The cabbie blinks at me, then glances askance toward the rear side window, where the hacker’s leaning against the side of the cab, looking bored. I could strangle him—the least he could do would be to try to play along with my distress. At least he has the good sense not to react at my exchanging “fiancé” for “brother.” This cab driver’s in his twenties or thirties, and his eyes flicker down when I lean over. Not my most elegant work, but it won’t take long for those security guards to start combing the sidewalks. No time for elegance, just the oldest play in the book. It worked on the soldiers back home, and it works on the city folk here.

“You want the next level up,” the cabbie says slowly. He hesitates, and I try not to seize on that; I have to let him get there himself. “There’s a pedestrian bridge about a kilometer back that way,” he says, jerking his head back the way he’d come.

I sniff hard, letting the driver see me trying my level best to pull myself together. “Maybe you could draw me a map? I’m so lost without my palm pad. Everywhere we go they keep telling us we’re on the wrong level, and I just—I can’t walk anymore. I just want to go home, but I can’t even see the Regency Towers from here.” It’s one of the most expensive buildings in this sector of Corinth—if the damsel-in-distress act won’t sway him, maybe greed will.

The driver’s eyes narrow a bit as he glances at his meter. His thumb drums against the control stick, and when his gaze comes back to me I’m waiting for him with big eyes and wet lashes. I just wish it hadn’t been so easy to find those tears; the blank-eyed people in the holosuite and our escape have left me more wobbly than I want to think about. I ought to be used to running by now, but my hands are starting to shake. I brace them against the door of the cab to hide it.

The driver sighs. “Your aunt lives at the Regency Towers?” When I nod, he glances back toward the hacker, who’s still leaning on the cab—now, he’s not even watching what’s happening, his gaze fixed somewhere in the middle distance, jaw clenched and arms folded tightly across his chest. The most obvious belligerent body language there is. Thanks, asshole, for making this so easy. Finally, the cab driver tilts his head toward the back. “Get in. Your aunt’ll pay when we get there, yeah?”

“Oh, really?” I gasp, as though the idea of him driving us hadn’t occurred to me. “Oh my God, you’re my absolute hero, thank you!” I dash for the door before he can change his mind, making the hacker stagger back as I haul open the door he was leaning on. “Come on, brother dear,” I add in a mutter, for his ears alone.
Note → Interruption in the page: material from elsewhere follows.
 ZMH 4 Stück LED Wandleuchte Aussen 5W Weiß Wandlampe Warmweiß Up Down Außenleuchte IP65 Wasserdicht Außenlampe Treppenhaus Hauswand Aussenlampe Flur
He ducks inside without a word, sliding along the bank of seats to make room for me. The door slams closed after me as I settle myself on the faux leather. “Thank you so much, I’ll have my aunt give you an extra tip for being so kind.”
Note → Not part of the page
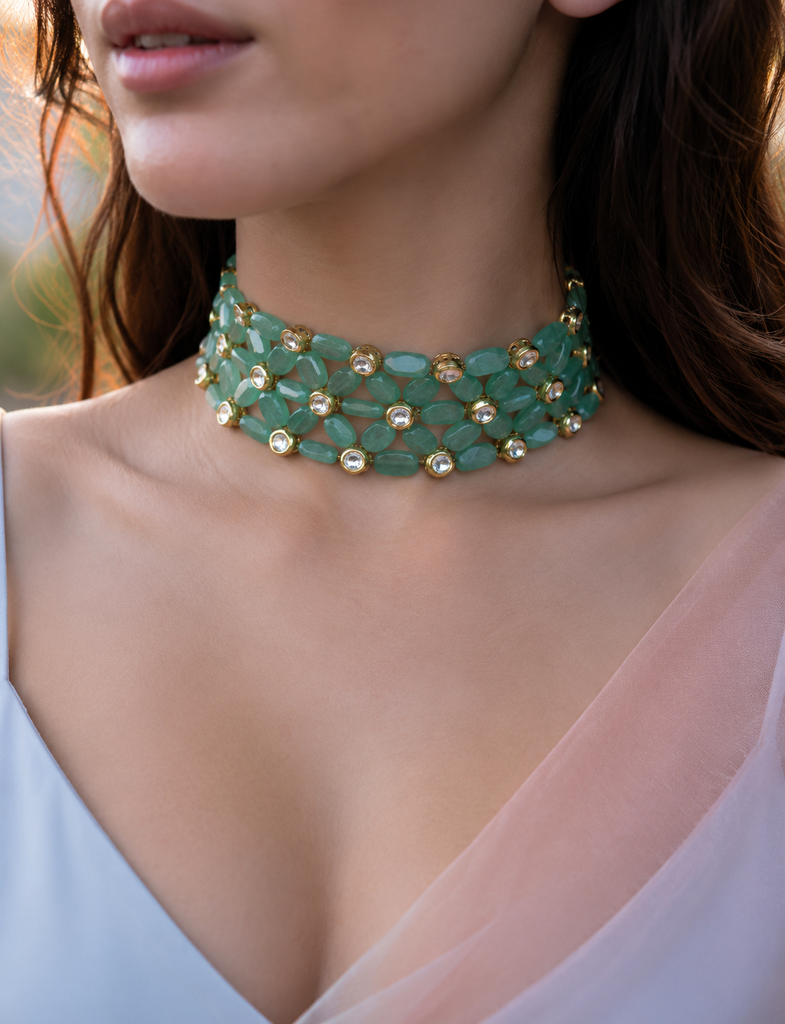 Royal Green Aventurine Kundan Choker Necklace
The cabbie glances over his shoulder at me and grins as he eases the stick forward to start nudging the taxicraft back out into the flow of air traffic through the midlevel of the sector. He’s handsome, in his own way—he reminds me of the guy who does my fake IDs, except I’m pretty sure the cabbie doesn’t break your knuckles if you don’t pay. I sure hope not, anyway. “So where you from, originally?”
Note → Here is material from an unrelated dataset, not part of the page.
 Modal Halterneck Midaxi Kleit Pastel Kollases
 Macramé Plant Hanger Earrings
His question catches me off guard; I’d been trying to catch my oh-so-useless partner’s eye, without success. I blink at the driver. “What?”

“You said you were new to Corinth. Was wondering where you were from?” He’s facing forward again, but his eyes flick up to watch me in the rearview screen.

“Oh. Babel,” I reply, giving the first planet that comes to mind that I’ve never been to.

“Get out,” the cabbie exclaims, with a laugh. “I was born on Babel. What sector? You ever been to the gravball bar a couple of levels below Regency Towers? The Babel T-Wings’ home away from home. Huge turnout every home game, you should come sometime.”